Major standards bodies including 3GPP, ITU-T, and ETSI have all adopted SIP as the core signalling protocol for services such as LTE , VoIP, conferencing, Video on Demand (VoD), IPTV (Internet Television), presence, and Instant Messaging (IM) etc. With the continous evolution of SIP as the defacto VoIP protocol , we need to underatdn the risk mitigartion practices around it .
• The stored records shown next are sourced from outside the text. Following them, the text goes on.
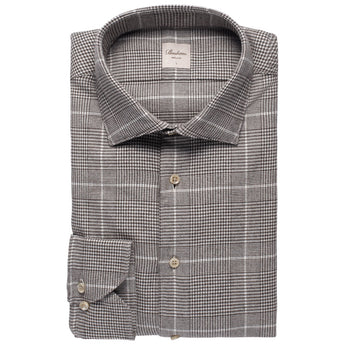Flanellskjorte - Regular - Brun rutet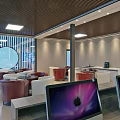 Modern Property Sales Office Interior With Red White Sofas Round Tables And Wooden Ceiling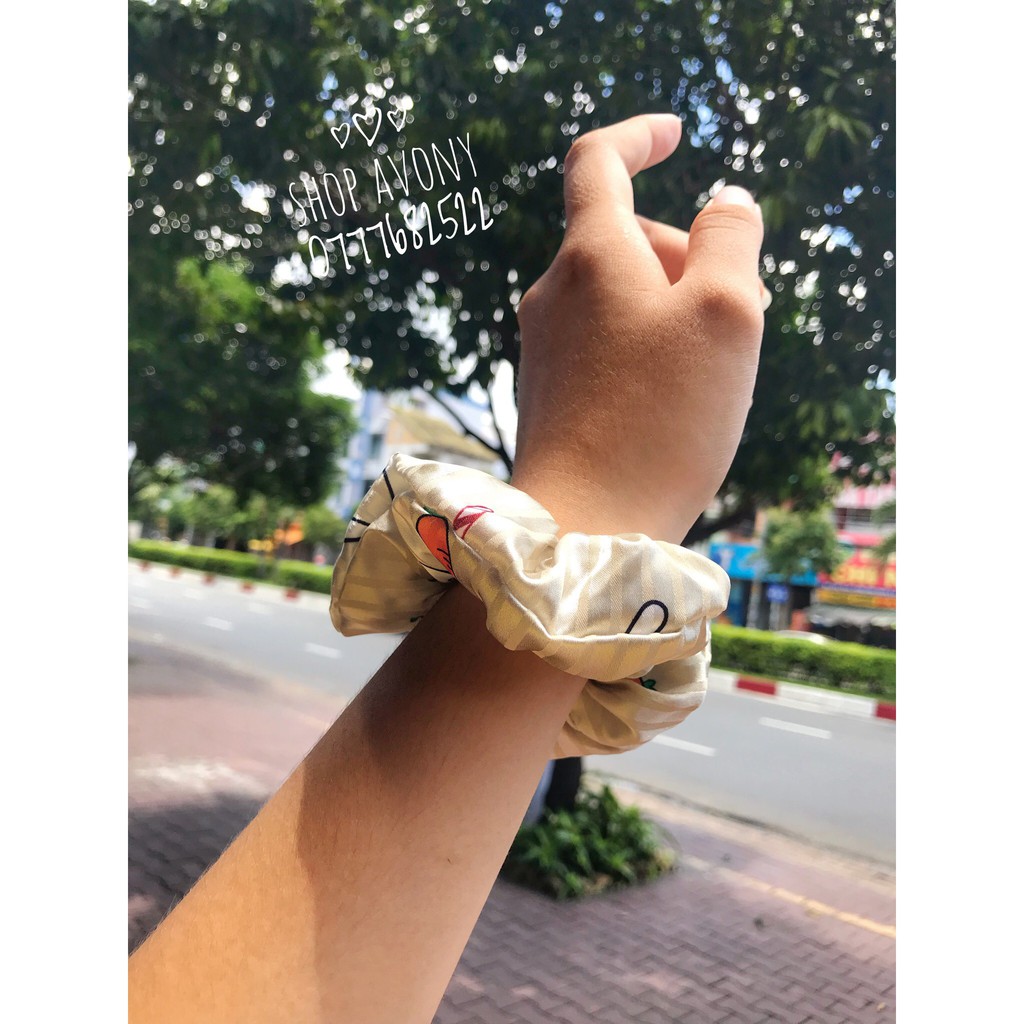 Cột tóc vải carrot và thỏ Scrunchies màu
I have written about VoIP and security in these blogs before

For Security around web browser based calling via webrtc i have written

  • Webrtc Security –https://telecom.altanai.com/2015/04/24/webrtc-security/ , which describes browser threat modal , access to local resource , Same Orogin Policy (SOP) and Cross Resource Sharing ( CORS) as well as Location sharing , ICE , TUEN and threats to privacy with screen sharing , microgone camera long term access and probable mid call attacks .
  • Genric secrutity of web Application build around hosting platform of webrtc . https://telecom.altanai.com/2014/10/03/security-for-webrtc-applications/ . Includs concepts like Identity management , browser security – cross site security amd clickjacking , Authetication of devices and applications , Media Encryption and regex checking.

Also Written about VoIP security at protocl level with SRTP /DTLS using TLS https://telecom.altanai.com/2018/03/16/secure-communication-with-rtp-srtp-zrtp-and-dtls/ and specifically using avaialble pre added modules on kamailio SIP server https://telecom.altanai.com/2018/02/17/kamailio-security/ . It describes Sanity checks , ACL lists with permissions , hiding topology details , countering Flood using pike and Fail2Ban as well as Traffic monitoring and detection .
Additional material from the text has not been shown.